Достав кружку, он молча нацедил чаю, бросил в кружку  экономно,  два кубика,
сахару, неторопливо опорожнил посудину, подержал ее  на весу и,  не разрешив
себе еще одну кружку, отвалился головой на рюкзак  и сказал, глядя  в  ночь,
обыденно,  однако  с  той интонацией, которая  дается  людям, еще с  пеленок
возвысившим себя над остальным людом:
     -- Ну что, приемный  сын? Все  бродишь по свету, все тычешься к  добрым
людям? Все корабль "Бедовый" ищешь?
     Впавши в умилительность  от  выпивки, Аким рассказал когда-то пестрому,
работному люду  в геологическом отряде  о  Парамоне  Парамоновиче -- великом
человеке  и   что  на  "Бедовом"   он,  Аким,  был  вроде  приемного   сына.

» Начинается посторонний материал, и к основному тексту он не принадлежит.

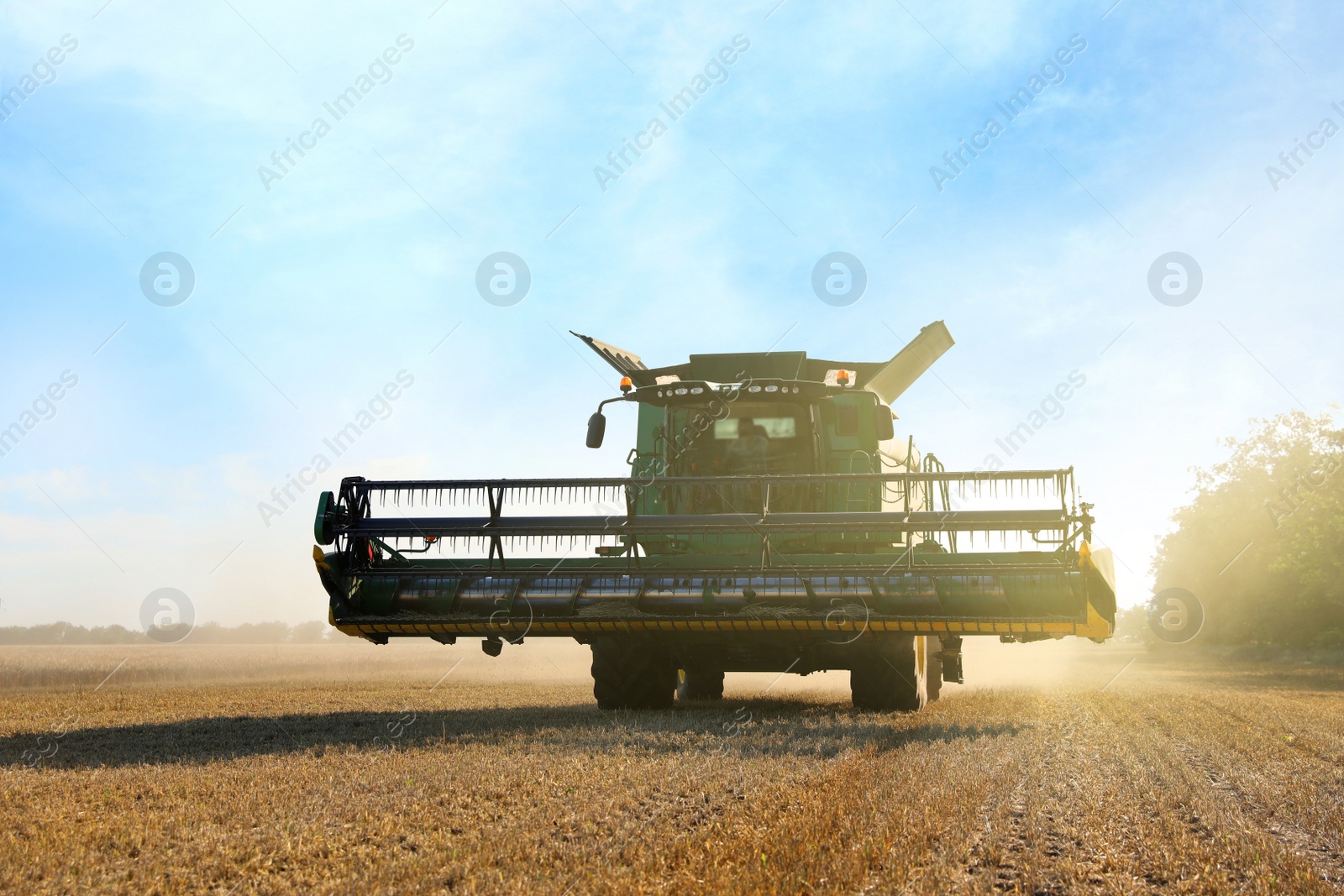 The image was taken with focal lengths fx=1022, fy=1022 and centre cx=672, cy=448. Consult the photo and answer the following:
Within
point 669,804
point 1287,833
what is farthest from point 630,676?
point 1287,833

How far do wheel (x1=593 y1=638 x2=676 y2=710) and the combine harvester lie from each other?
0.02m

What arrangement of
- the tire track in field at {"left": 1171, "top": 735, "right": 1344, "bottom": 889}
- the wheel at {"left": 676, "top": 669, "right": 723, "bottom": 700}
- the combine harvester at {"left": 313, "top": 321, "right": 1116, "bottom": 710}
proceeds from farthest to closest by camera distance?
the wheel at {"left": 676, "top": 669, "right": 723, "bottom": 700} → the combine harvester at {"left": 313, "top": 321, "right": 1116, "bottom": 710} → the tire track in field at {"left": 1171, "top": 735, "right": 1344, "bottom": 889}

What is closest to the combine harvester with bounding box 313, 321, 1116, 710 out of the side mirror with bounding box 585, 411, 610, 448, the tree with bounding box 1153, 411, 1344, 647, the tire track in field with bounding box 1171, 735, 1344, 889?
the side mirror with bounding box 585, 411, 610, 448

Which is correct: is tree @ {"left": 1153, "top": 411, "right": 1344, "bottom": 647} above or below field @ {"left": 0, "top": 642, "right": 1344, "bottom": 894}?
above

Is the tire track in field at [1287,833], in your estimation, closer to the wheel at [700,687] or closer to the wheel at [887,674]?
the wheel at [887,674]

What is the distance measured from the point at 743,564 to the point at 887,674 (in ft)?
5.85

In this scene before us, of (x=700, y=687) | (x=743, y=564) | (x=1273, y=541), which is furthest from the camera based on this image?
(x=1273, y=541)

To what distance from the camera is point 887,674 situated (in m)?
9.88

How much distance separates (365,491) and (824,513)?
432cm

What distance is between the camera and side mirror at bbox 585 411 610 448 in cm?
1075

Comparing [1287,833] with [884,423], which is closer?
[1287,833]

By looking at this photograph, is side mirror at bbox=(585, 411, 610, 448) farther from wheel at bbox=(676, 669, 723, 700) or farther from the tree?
the tree

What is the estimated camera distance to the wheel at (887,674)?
32.1 ft

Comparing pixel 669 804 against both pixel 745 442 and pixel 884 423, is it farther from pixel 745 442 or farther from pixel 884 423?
pixel 745 442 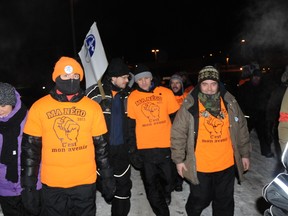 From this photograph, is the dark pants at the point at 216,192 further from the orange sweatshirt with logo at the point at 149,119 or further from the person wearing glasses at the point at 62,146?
the person wearing glasses at the point at 62,146

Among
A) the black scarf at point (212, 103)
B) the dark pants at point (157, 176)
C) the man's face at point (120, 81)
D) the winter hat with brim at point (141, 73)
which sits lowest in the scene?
the dark pants at point (157, 176)

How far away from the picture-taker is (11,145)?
11.3 feet

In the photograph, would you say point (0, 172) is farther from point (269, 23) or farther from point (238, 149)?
point (269, 23)

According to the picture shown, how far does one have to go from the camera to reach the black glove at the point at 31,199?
10.3 ft

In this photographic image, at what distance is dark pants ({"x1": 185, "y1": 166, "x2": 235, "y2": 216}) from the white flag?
1.86 metres

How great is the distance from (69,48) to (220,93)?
35.6m

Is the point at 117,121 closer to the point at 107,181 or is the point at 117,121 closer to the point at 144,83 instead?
the point at 144,83

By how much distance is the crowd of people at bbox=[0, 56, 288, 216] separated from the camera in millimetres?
3121

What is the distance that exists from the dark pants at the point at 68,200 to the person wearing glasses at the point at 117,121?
984 mm

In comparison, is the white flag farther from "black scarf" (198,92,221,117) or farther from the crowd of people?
"black scarf" (198,92,221,117)

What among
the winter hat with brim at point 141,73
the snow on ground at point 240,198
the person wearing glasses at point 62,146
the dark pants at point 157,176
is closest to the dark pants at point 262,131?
the snow on ground at point 240,198

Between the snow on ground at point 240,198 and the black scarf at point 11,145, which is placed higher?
the black scarf at point 11,145

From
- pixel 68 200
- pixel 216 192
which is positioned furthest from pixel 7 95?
pixel 216 192

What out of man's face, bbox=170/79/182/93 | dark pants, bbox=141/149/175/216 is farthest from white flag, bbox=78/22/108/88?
man's face, bbox=170/79/182/93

Практикант-геолог  высмеял его святые слезы,  и весь сезон дразнили  Акима в
отряде "приемным сыном".
     -- Ё-ка-лэ-мэ-нэ! Георгий!  Откуль свалился? -- всплеснул руками Аким и
тут же запрезирал себя -- он ведь хотел отшить Герцева: -- "А ты, приблудный
сын, -- сказать, -- че  в тайге шаришься? Че ишшешь? Золотишко? Соболей?" --
да ведь в уме только и горазд Аким отшивать-то. Спросил лишь: -- Где отряд?
     --  Какой   отряд?  --  открыл   устало  смеженные   глаза   Герцев  и,
ворохнувшись,  принялся развязывать рюкзак. -- Я сам себе отряд! Ночую возле
вашего  огня,  мужики, -- не то попросился, не то  разрешил себе Георгий. --
Топор утопил, -- пояснил он, сноровисто разбивая односпальную палатку.
     Они дали Герцеву топор. Он выколотил из него старое, треснутое топорище
и бросил его не  в костер,  а в реку: "Чтоб не  оскорблять древний священный
огонь",  --  заявил. Долго  тесал, скоблил березовую заготовку, не мастерил,
прямо-таки творил у огня Герцев, излаживая проще простого вещь --  топорище.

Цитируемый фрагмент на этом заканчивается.